Among the laws of the Twelve Tables, the particular one which had at this time excited the plebeians was a statute prohibiting marriages between members of their order and the patricians. There had been such marriages, and this made the opposition to the law all the more bitter, though no one was powerful enough to cause it to be abolished. There now arose a tribune of the people who possessed force and persistence, Caius Canuleius by name, and he urged the repeal of this law. For the third time the plebeians seceded, this time going over the Tiber to the Janiculum Hill, where it would have been possible for them to begin a new city, if they had not been propitiated. Canuleius argued with vigor against the consuls who stood up for the law, and at last he succeeded.

In the year 445 the restriction was removed, and plebeian girls were at liberty to become the wives of patrician men, with the assurance that their children should enjoy the rank of their fathers. This right of intermarriage led in time to the entrance of plebeians upon the highest magistracies of the city, and it was, therefore, of great political importance.

 

It was agreed in 444 B.C. that the supreme authority should be centred in two magistrates, called Military Tribunes, who should have the power of consuls, and might be chosen from the two orders. The following year, however (443 B.C.), the patricians were allowed to choose from their own order two officers known as Censors, who were always considered to outrank all others, excepting the dictator, when there was one of those extraordinary magistrates.
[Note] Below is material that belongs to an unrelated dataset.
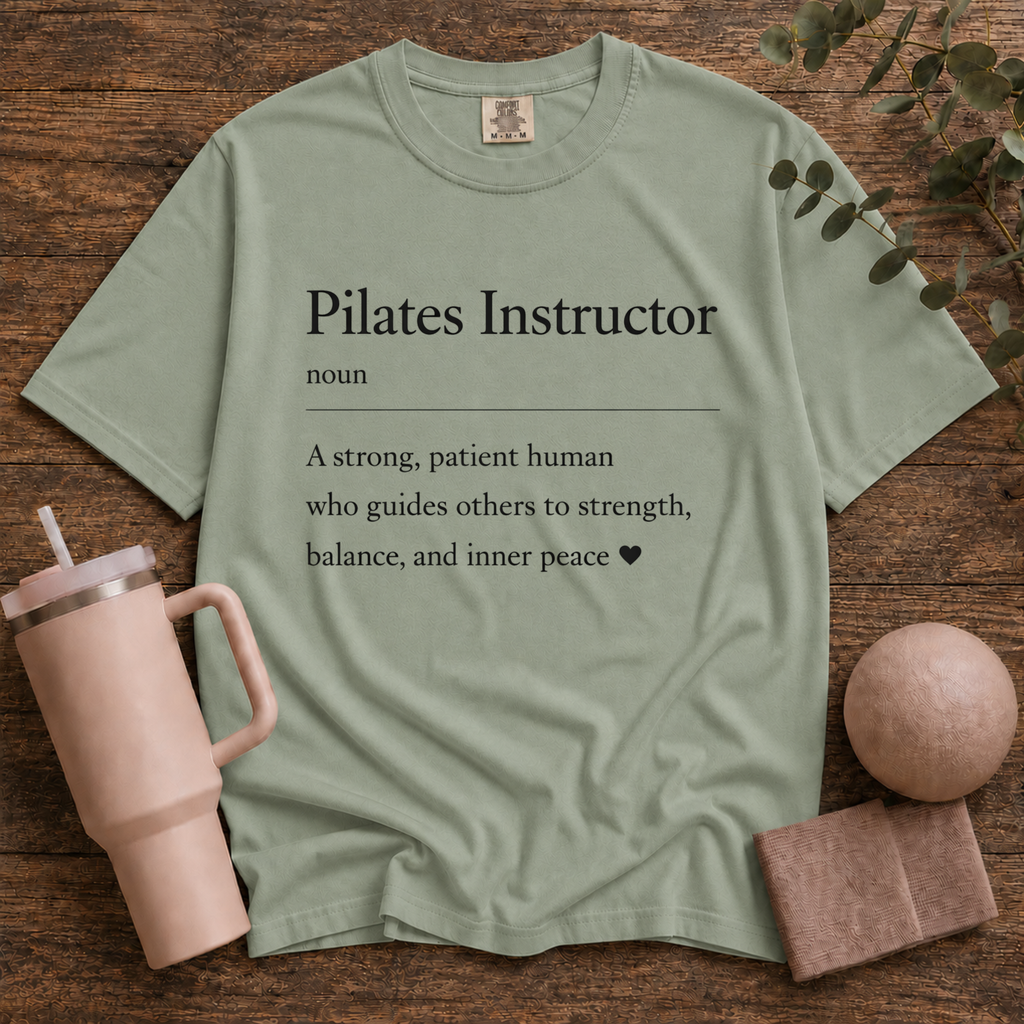 Instructor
The censors wore rich robes of scarlet, and had almost kingly dignity. They made the register of the citizens at the time of the census, [Footnote: After the expulsion of the Tarquins, the consuls took the census, and this was the first appointment of special officers for the purpose.] administered the public finances, and chose the members of the senate, besides exercising many other important duties connected with public and private life. The term of office of the censors at first was a lustrum or five years, but ten years later it was limited to eighteen months.
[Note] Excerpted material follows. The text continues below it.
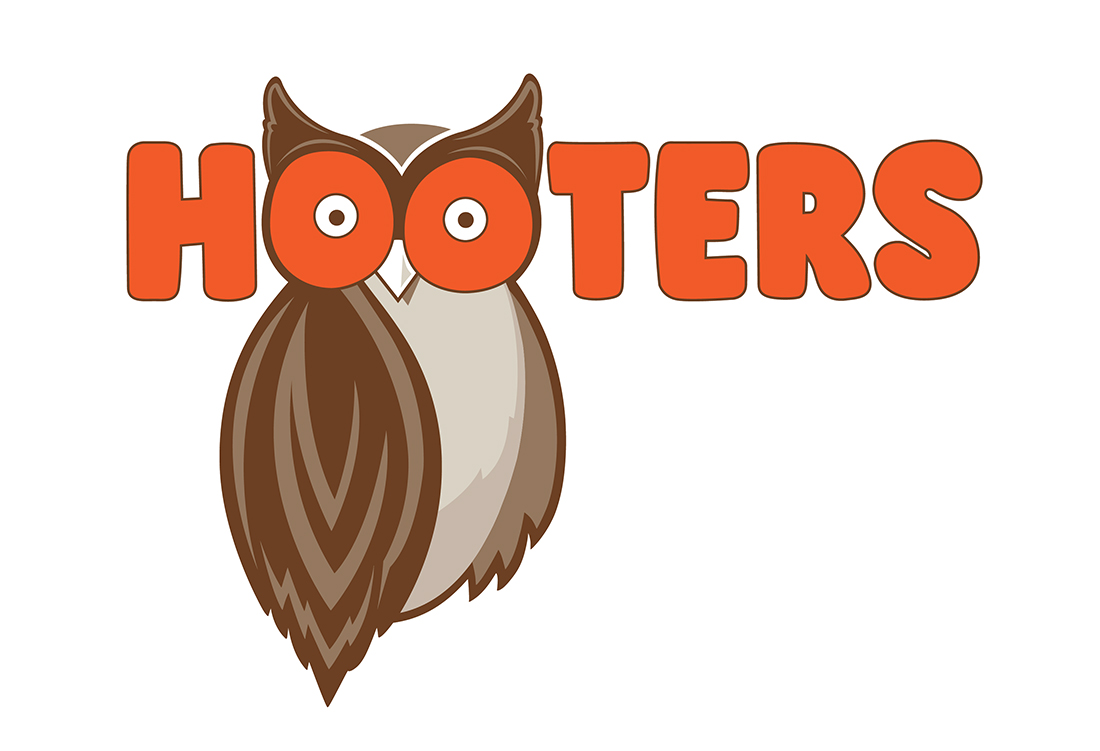 Hooters Logo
In 421, the plebeians made further progress, for the office of quæstor (paymaster) was opened to them, and they thus became eligible to the senate. A score of years passed, however, before any plebeian was actually chosen to the office of military tribune even, owing to the great influence of the patricians in the comitia centuriata.

 

All the time that these events were occurring, Rome was carrying on intermittent wars with the surrounding nations, and by her own efforts, as well as by the help of her allies, was adding to her warlike prestige. Nothing in all the story of war exceeds in interest the poetical narrative that relates to the siege and fall of the Etruscan city of Veii, with which, since the days of Romulus, Rome had so many times been involved in war.

 

Year after year the army besieged the strong place, and there seemed no hope that its walls would fall. It was allied with Fidenæ, another city halfway between it and Rome, which was taken by means of a mine in the year 426. A peace with Veii ensued, after which the incessant war began again, and fortune sometimes favored one side and sometimes the other.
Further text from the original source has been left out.